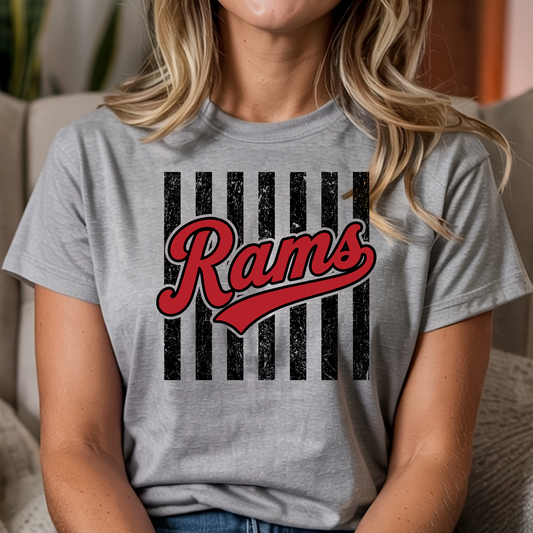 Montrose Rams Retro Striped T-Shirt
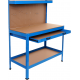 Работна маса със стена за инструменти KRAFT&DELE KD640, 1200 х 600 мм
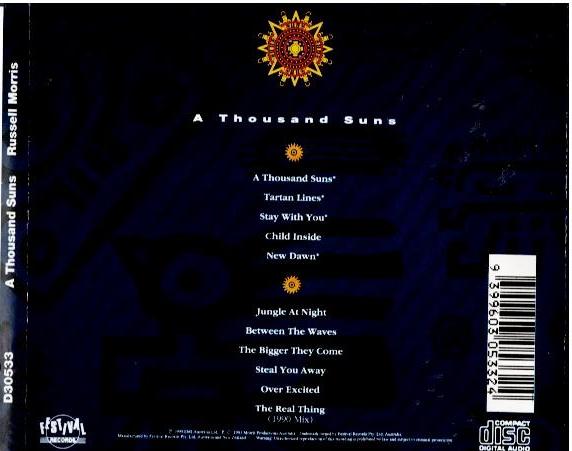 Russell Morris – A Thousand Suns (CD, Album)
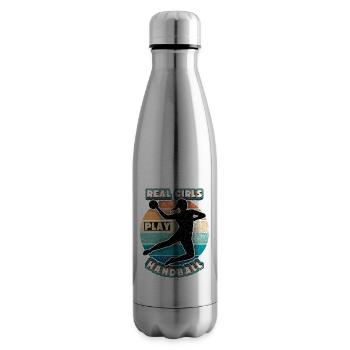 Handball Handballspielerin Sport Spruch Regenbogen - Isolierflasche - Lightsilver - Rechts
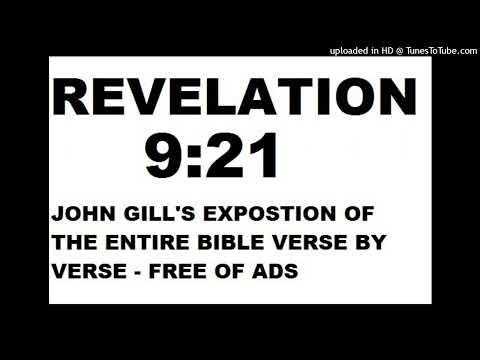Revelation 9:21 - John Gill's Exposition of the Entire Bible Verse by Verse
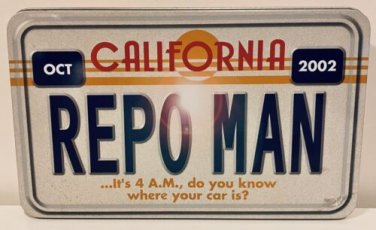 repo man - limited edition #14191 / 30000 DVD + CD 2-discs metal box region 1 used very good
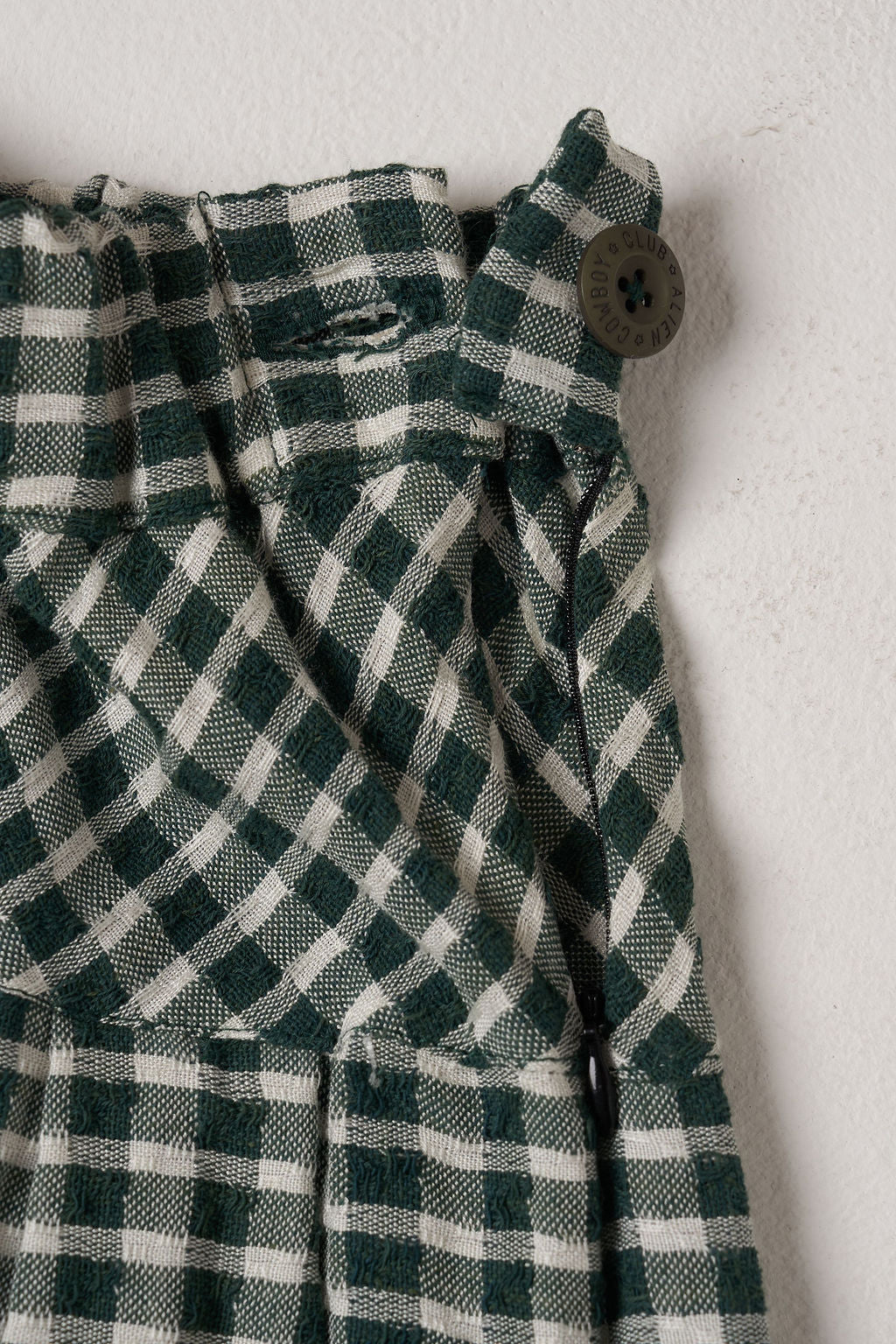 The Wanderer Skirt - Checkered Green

--

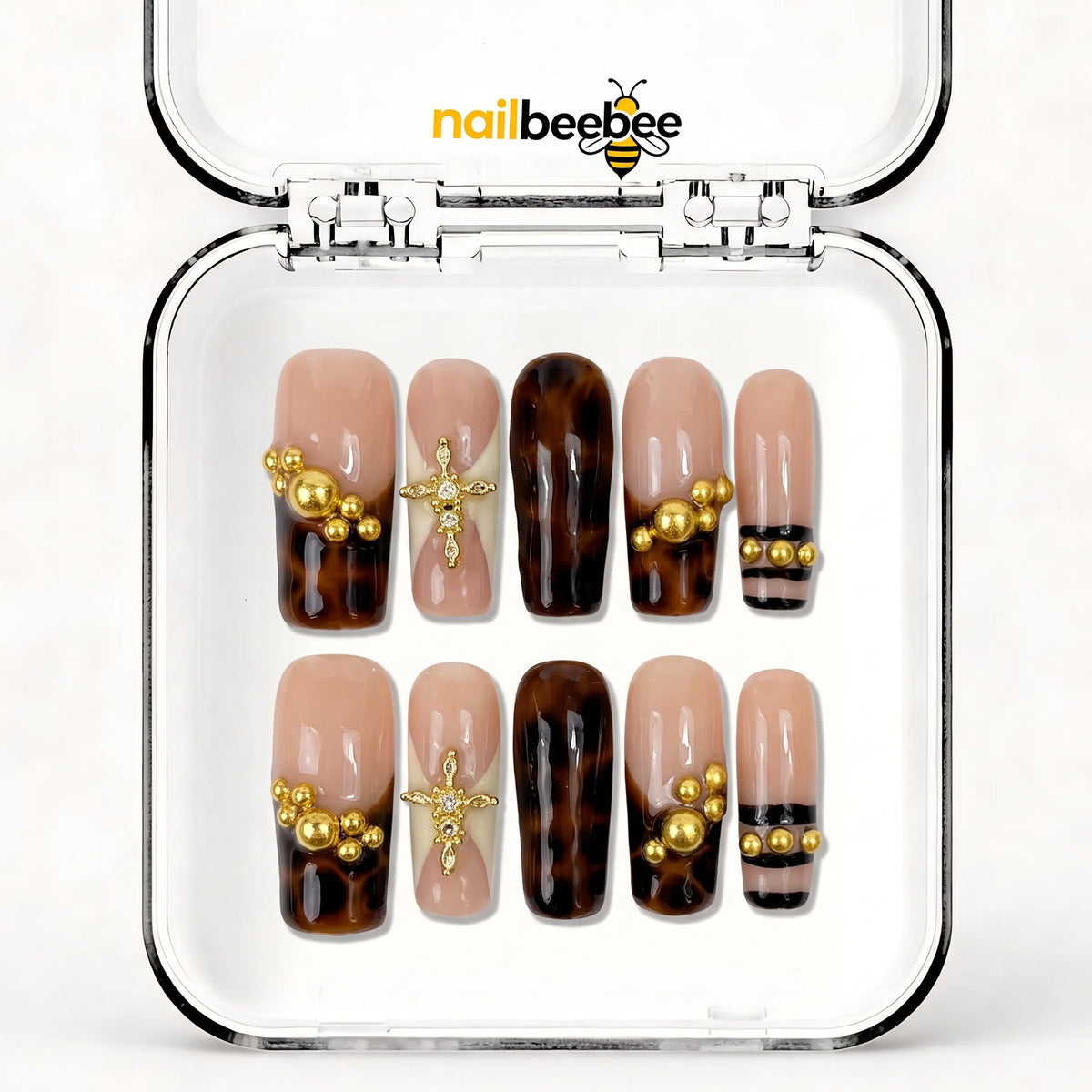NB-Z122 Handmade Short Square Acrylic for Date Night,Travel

---

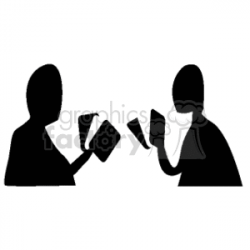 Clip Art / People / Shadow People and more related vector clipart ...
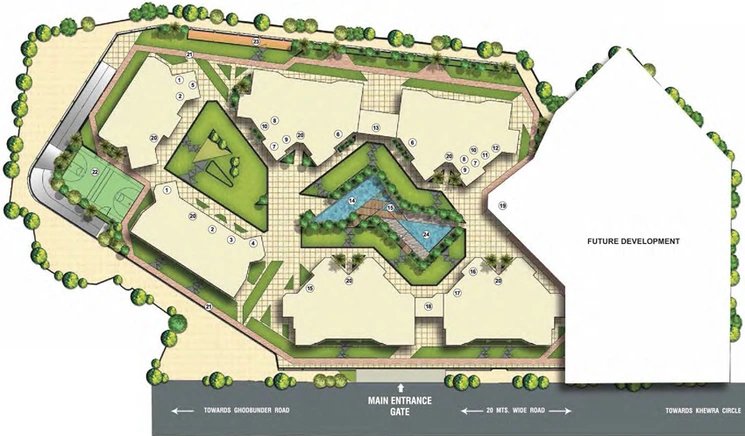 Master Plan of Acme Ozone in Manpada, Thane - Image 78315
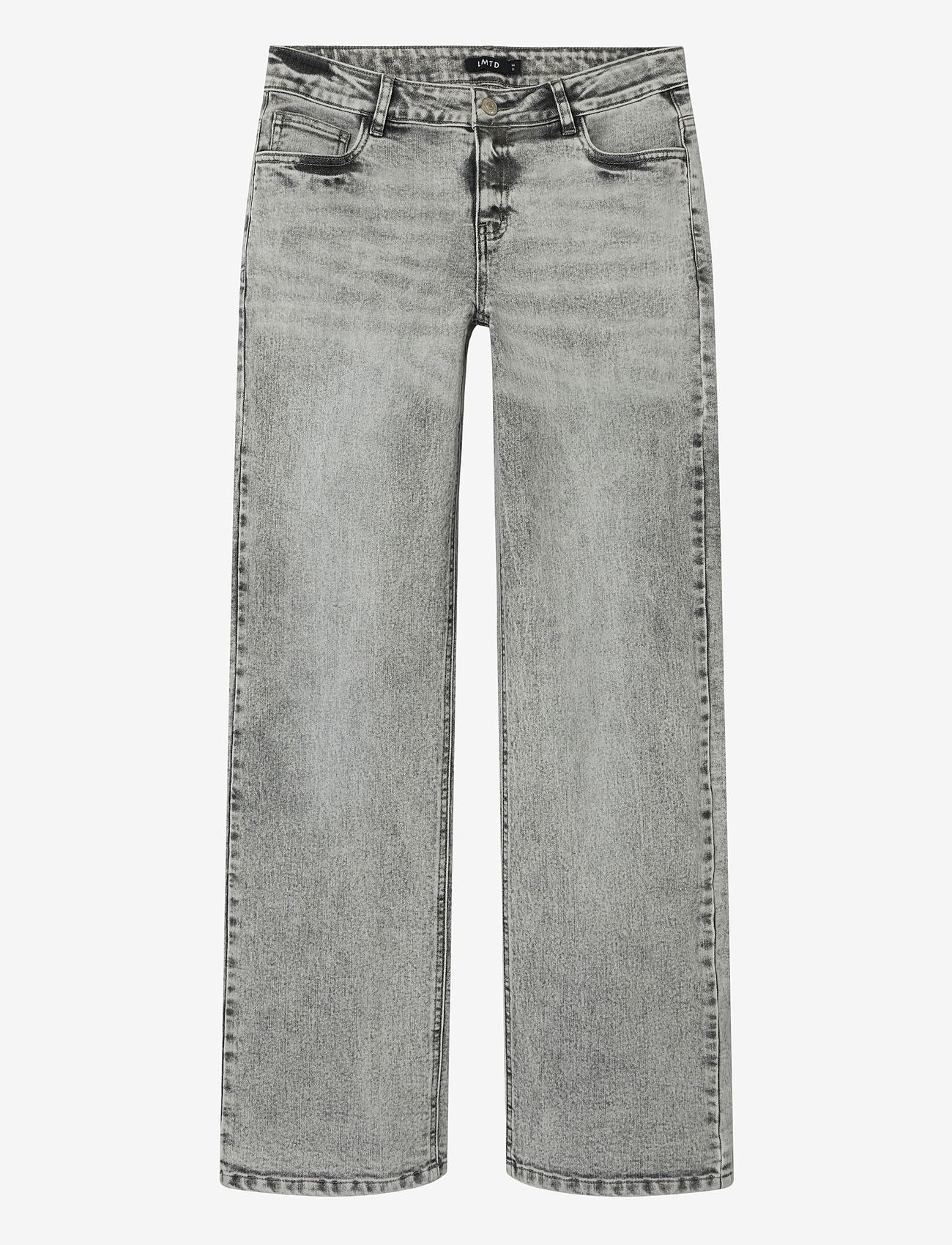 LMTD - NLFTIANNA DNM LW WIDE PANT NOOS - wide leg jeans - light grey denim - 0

* _Task brief_:
Each line above starting at the one holding "Montrose Rams Retro Striped T-Shirt" and ending at the one holding "The Wanderer Skirt - Checkered Green" should be set down exactly as it stands, both ends included, with no pictures.

* _Result_:
 Montrose Rams Retro Striped T-Shirt
 Работна маса със стена за инструменти KRAFT&DELE KD640, 1200 х 600 мм
 Russell Morris – A Thousand Suns (CD, Album)
 Handball Handballspielerin Sport Spruch Regenbogen - Isolierflasche - Lightsilver - Rechts
Revelation 9:21 - John Gill's Exposition of the Entire Bible Verse by Verse
 repo man - limited edition #14191 / 30000 DVD + CD 2-discs metal box region 1 used very good
 The Wanderer Skirt - Checkered Green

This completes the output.